[Materials provided Boundary: Start]
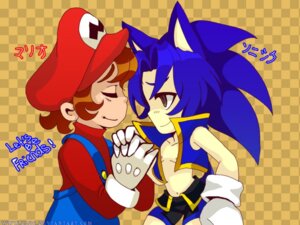 Rating: Safe Score: 0 Tags: alternate_species animal_humanoid bluc blue_body blue_fur blue_hair bottomwear brown_hair checkered checkered_background clothing crossover duo e621 eulipotyphlan eulipotyphlan_humanoid flat_cap fur gloves hair handwear hat headgear headwear hedgehog_humanoid human human_on_humanoid humanoid humanoidized interspecies japanese_text looking_at_another male mammal mammal_humanoid mario mario_bros nintendo nipples overalls pattern_background romantic romantic_couple sega shirt short_hair shorts side_mouth side_view simple_background sonic_the_hedgehog sonic_the_hedgehog_(series) tan_body tan_skin text text_on_clothing text_on_hat text_on_headgear text_on_headwear topwear vest User: bunchy7s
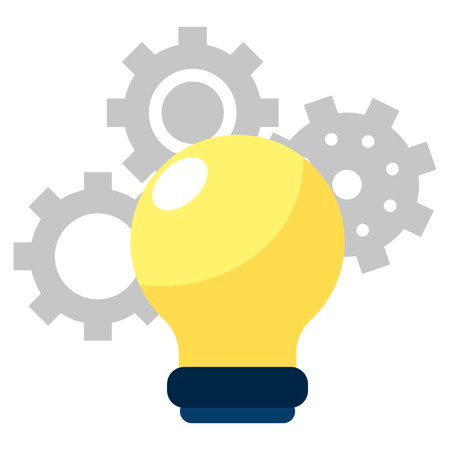 successful business concept element lightbulb in front support gears cartoon vector illustration graphic designのイラスト素材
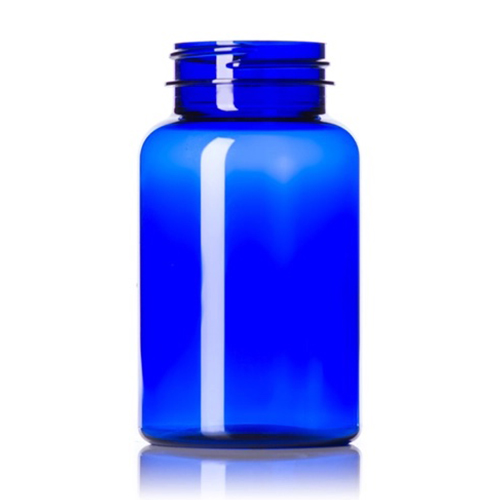 225 cc cobalt blue PET plastic pill packer bottle with 45 400 neck finish 1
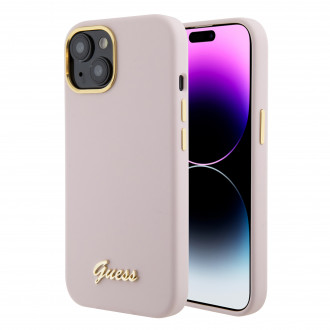 Guess “Vintage Script Gold Logo Collection” Σκληρή Θήκη προστασίας από σιλικόνη – Apple iPhone 15 (Ροζ  – GUHCP15SSMBSLP)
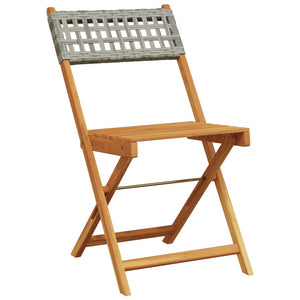 3-teiliges Bistro-Set Grau Poly Rattan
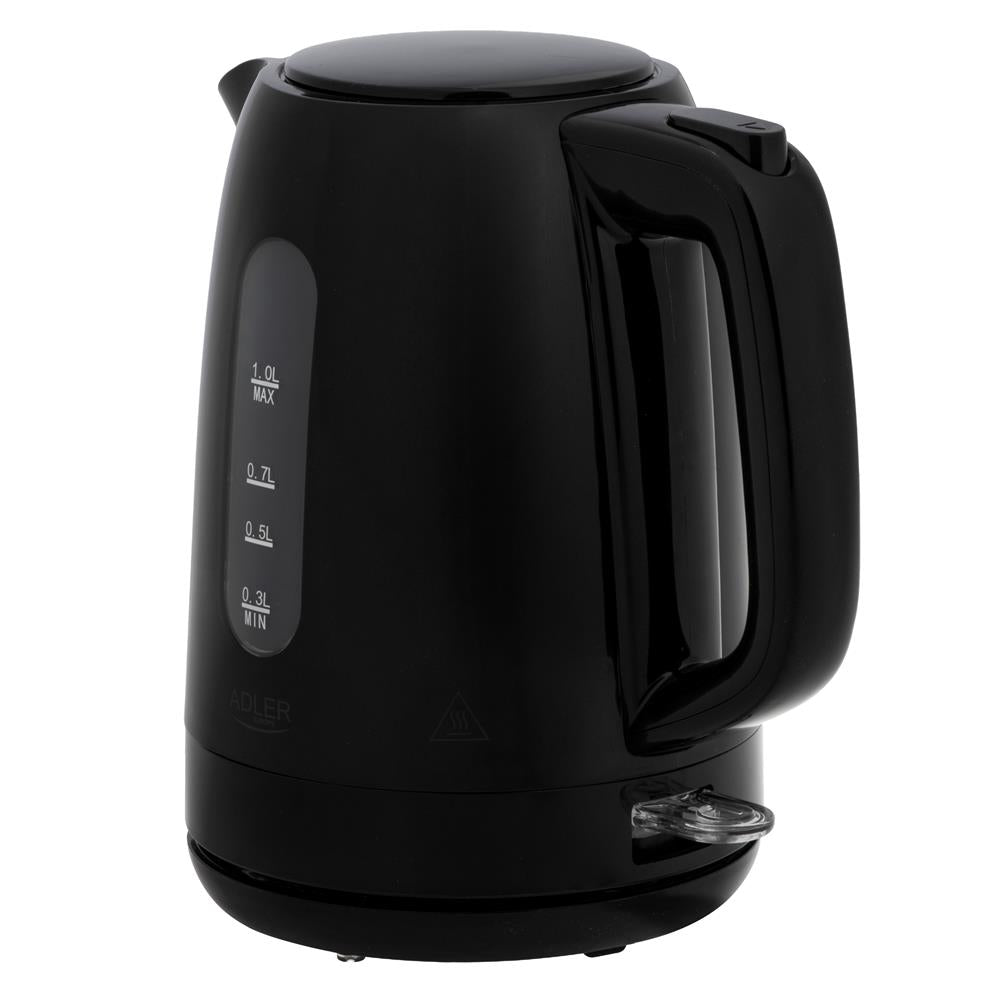 Adler AD 1380b Wasserkocher Kunststoff 1,0 l schwarz – kompakt & sicher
[Materials provided Boundary: End]
* What you are asked to do
When you copy the entries above, keep every word exactly and omit the images.

* Answer to this exercise
 Rating: Safe Score: 0 Tags: alternate_species animal_humanoid bluc blue_body blue_fur blue_hair bottomwear brown_hair checkered checkered_background clothing crossover duo e621 eulipotyphlan eulipotyphlan_humanoid flat_cap fur gloves hair handwear hat headgear headwear hedgehog_humanoid human human_on_humanoid humanoid humanoidized interspecies japanese_text looking_at_another male mammal mammal_humanoid mario mario_bros nintendo nipples overalls pattern_background romantic romantic_couple sega shirt short_hair shorts side_mouth side_view simple_background sonic_the_hedgehog sonic_the_hedgehog_(series) tan_body tan_skin text text_on_clothing text_on_hat text_on_headgear text_on_headwear topwear vest User: bunchy7s
 successful business concept element lightbulb in front support gears cartoon vector illustration graphic designのイラスト素材
 225 cc cobalt blue PET plastic pill packer bottle with 45 400 neck finish 1
 Guess “Vintage Script Gold Logo Collection” Σκληρή Θήκη προστασίας από σιλικόνη – Apple iPhone 15 (Ροζ  – GUHCP15SSMBSLP)
 3-teiliges Bistro-Set Grau Poly Rattan
 Adler AD 1380b Wasserkocher Kunststoff 1,0 l schwarz – kompakt & sicher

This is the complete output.